Tuesday, April 9, 2013

St. Mark's Basilica, oddities


In case I haven't made it clear already, each of the great attractions I visit could repay years and years, in some cases, a whole lifetime, of study.  A few hours gets you the sense of a place and a certain amount of data, but these vast and ancient structures and collections have so very much more to offer than any single tour can reveal. 

So it is with St. Mark's Basilica.  The structure, with its accompanying tower, dominates Piazza San Marco and is at a quick glance merely another amazing Italian church. 

As always, click on an image for a larger version.

As you approach it, though, you see that its Byzantine construction makes it quite different indeed from, say, Firenze's Duomo.


Even an alcove on its side makes clear that the imagery is going to be different indeed from what abounded in Florence.


Once you're inside, however, you realize how completely different and how Byzantine it is. 


It is also simply magnificent. 

I found the ancient Christian imagery and the Byzantine style to be far more moving than I'd expected.  At one point, overcome by emotion and thoughts, I went to a side chapel and sat and stared and thought a great deal about God and the power of belief.

If the bandwidth here were better, I'd upload a ton of photos, but it's not, and midnight fast approaches, and I want to rest.  Even so, I must show you a few more things, such as this amazing reliquary collection.


Note the skull in the dome in the lower right.  As it turns out, the "treasure" exhibit (a three-euro fee to enter) to the right of the front contains a great many reliquary collections, at least some of them supposedly tied to St.
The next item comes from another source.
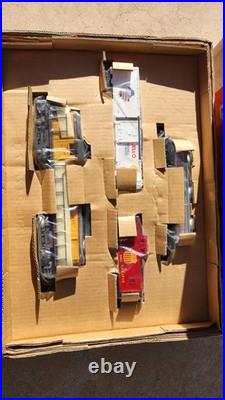 2002 Lionel Train Set Kraft Nabisco Holiday Oval Track Limited Edition NIB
Mark. 

"Arms?"  Did someone say "arms?"


By the way, signs did prohibit photography, but guards stood by and watched as people shot all sorts of photos, so I kept my flash off and joined in.  I just couldn't resist. 

The cathedral contains many altars, but on the back side of the one that appears to be at the front of the church, facing a small final altar that seems to have been reserved for the very rich or the very special, was this amazing piece of work.


No photo can do it justice, but magnify this image and marvel at the gilt and the cloisonne and the insanely ornate beauty of it. 

To the left of the cathedral as you face it stands this lovely building. 


Moving from the sacred and near-sacred to the truly profane, the award for the scariest hot dog of the trip goes to...


No, I did not eat one.  Even I have standards, and limits, even with hot dogs. 

Okay, that's a lie.  I would totally eat one of these sick-looking rascals.  I was just still full from lunch. 

Lost in Venice, wandering the streets and working back toward the hotel, at the end of a lane so narrow it was more a corridor than a road, stood this beautiful piece.


Magic really is all around. 

Canals are magic, too, or so they seem to me, popping up around corners and filling the air with the gentle sound of quiet waves.


Not at all magic is the entrance to the hotel's bathrooms, but it is ornate beyond all reason, which is something I've seen a lot this trip.


And now, to read, and then to sleep. 


2 comments:

Griffin Barber said...

Venice and Egypt: my two favorite places as a tourist.

Mark said...

I've never been to Egypt, but I definitely enjoyed Venice.